------ Available data ------
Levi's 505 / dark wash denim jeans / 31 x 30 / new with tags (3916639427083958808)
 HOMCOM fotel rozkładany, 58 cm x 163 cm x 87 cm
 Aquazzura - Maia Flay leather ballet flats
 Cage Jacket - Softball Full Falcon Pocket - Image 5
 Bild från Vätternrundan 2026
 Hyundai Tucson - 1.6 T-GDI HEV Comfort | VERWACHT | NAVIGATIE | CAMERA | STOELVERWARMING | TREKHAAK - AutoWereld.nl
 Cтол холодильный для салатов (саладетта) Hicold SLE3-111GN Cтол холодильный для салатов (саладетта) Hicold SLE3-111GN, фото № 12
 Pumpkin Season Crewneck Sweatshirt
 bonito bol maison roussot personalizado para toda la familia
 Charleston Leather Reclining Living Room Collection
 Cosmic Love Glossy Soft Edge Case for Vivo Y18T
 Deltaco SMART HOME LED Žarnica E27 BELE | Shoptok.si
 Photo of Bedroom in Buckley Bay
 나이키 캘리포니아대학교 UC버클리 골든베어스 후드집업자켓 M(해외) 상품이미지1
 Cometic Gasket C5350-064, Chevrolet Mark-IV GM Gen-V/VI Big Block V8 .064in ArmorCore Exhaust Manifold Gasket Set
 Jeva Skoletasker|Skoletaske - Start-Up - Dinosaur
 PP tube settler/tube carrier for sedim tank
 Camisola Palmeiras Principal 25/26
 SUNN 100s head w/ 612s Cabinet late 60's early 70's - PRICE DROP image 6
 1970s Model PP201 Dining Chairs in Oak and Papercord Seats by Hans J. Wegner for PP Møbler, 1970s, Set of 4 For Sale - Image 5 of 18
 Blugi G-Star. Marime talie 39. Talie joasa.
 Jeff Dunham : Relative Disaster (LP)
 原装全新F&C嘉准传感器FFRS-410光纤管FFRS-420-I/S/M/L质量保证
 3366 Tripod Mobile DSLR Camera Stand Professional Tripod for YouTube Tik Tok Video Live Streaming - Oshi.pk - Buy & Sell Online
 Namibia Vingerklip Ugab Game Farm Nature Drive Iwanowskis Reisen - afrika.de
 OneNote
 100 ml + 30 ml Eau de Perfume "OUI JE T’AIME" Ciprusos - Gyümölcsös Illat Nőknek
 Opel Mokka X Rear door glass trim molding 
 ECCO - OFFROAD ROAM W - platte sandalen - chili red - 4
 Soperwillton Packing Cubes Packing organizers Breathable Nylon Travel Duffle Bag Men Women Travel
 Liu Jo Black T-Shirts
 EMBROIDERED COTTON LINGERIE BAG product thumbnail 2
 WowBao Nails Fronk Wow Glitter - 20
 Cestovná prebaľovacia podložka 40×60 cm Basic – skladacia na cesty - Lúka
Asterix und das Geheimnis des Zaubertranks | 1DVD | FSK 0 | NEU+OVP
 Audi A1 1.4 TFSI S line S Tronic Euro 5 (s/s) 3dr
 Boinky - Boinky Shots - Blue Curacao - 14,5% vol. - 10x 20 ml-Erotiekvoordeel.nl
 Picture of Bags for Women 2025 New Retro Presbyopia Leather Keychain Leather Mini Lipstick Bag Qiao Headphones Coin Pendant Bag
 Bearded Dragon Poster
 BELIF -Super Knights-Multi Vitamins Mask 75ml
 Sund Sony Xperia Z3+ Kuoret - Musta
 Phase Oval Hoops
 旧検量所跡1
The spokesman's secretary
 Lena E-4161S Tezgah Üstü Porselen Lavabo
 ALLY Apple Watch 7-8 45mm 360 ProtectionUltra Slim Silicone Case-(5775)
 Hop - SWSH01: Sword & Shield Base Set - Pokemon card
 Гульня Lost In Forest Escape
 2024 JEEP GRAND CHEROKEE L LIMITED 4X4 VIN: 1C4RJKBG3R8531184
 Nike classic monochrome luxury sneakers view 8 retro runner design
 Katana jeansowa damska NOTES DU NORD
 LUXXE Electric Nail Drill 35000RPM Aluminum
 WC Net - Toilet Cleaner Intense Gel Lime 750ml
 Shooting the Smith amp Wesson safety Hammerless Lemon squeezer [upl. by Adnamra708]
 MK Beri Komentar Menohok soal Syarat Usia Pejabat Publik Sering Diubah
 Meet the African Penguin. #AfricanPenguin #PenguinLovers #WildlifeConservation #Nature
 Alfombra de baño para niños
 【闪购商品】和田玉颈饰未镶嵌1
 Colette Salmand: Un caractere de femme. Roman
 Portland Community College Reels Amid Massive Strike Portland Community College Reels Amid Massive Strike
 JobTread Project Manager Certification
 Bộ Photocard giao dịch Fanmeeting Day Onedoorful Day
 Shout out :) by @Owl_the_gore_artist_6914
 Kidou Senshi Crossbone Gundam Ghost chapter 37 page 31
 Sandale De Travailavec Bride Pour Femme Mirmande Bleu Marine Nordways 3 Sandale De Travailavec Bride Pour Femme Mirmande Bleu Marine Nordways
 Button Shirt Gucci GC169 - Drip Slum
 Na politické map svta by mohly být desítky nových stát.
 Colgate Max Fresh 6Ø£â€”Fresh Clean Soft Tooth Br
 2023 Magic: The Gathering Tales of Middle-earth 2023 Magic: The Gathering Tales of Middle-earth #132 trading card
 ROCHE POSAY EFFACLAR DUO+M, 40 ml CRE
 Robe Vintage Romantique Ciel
------
Problem requirements: Here the job is to transcribe the lines from the first line of the data through the line containing "Bild från Vätternrundan 2026", inclusive, exactly and with nothing else.

Solution to this task:
Levi's 505 / dark wash denim jeans / 31 x 30 / new with tags (3916639427083958808)
 HOMCOM fotel rozkładany, 58 cm x 163 cm x 87 cm
 Aquazzura - Maia Flay leather ballet flats
 Cage Jacket - Softball Full Falcon Pocket - Image 5
 Bild från Vätternrundan 2026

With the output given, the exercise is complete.